Latham & Watkins‘ London office is launching a Spanish practice with a head of legal from Spanish bank Banco Santander Central.
Juan Manuel De Remedios, Santander’s head of legal for Latin America, is joining the firm as counsel to target Spanish work for some of the firm’s biggest investment banking clients. The firm has strong Italian and Scandinavian practices which are run out of London and which focus on advising the banks on US law in those jurisdictions.
De Remedios will focus on building a US law practice, as the firm has no plans to start doing local Spanish law at the moment. One of the clients he will target is Merrill Lynch, for which the firm already does a lot of work, particularly for its Italian and Scandinavian desks.
Latham London managing partner Joe Blum says: “Juan Manuel is somebody that [London partner] Michael Immordino has known for many years; they both worked in New York together.

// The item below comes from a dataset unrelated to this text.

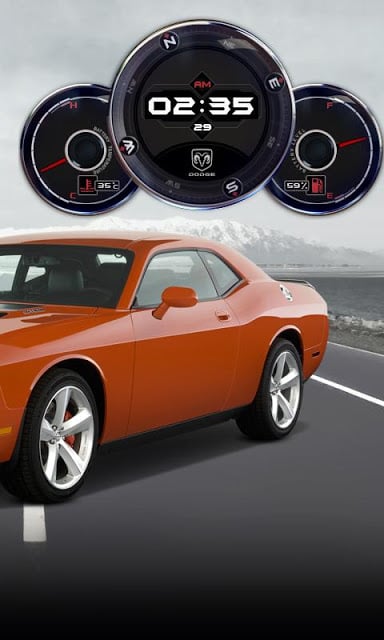 Dodge Challenger SR Clock LWP截图1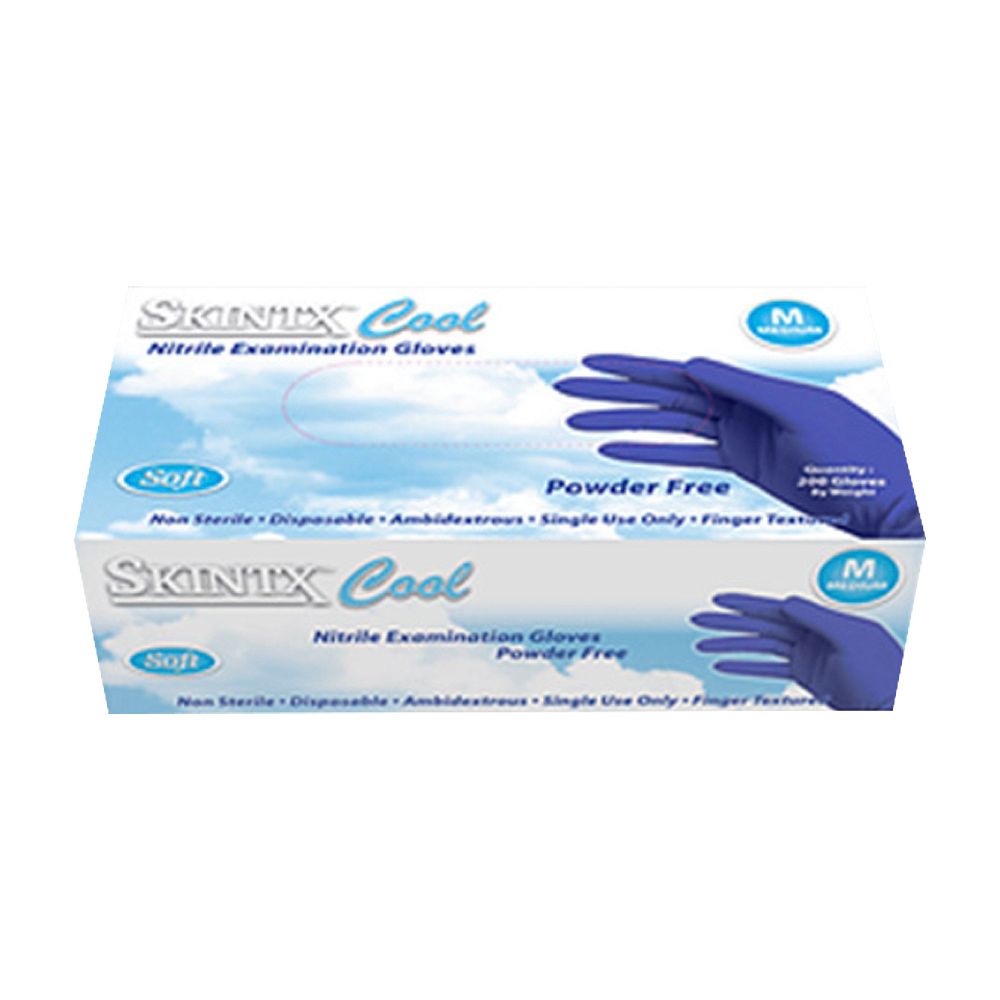 Blue Nitrile Exam Gloves Powder Free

There’s certainly opportunities in Spain for the kind of practice that we have in Italy now, which is a US practice, particularly in the capital markets and M&A areas.”
He says De Remedios will also help the firm build on its already strong Latin American practice, which is currently run out of New York and focuses on project finance work.
Blum says: “We do have some Spanish clients already, and we have a strong Latin American practice. Juan Manuel was head of the Latin American desk in the legal department at Santander, so he can help us develop not only the Spanish practice, but also the capital markets side of our Latin American practice.”
In his role at Santander, De Remedios supervised the major corporate transactions of the 14 Latin American commercial banks controlled by the bank, including M&A, tender offers, flotations and securitisations. Before that he was senior vice-president for the legal department at Santander Investment in Madrid.
Latham’s Italian practice in London now boasts a team of around 14 lawyers, which is similar to what Blum predicts for the Spanish group. Latham also has a one-lawyer representative office in Rome handling only US work, which could ultimately happen in Spain, depending on how the practice grows.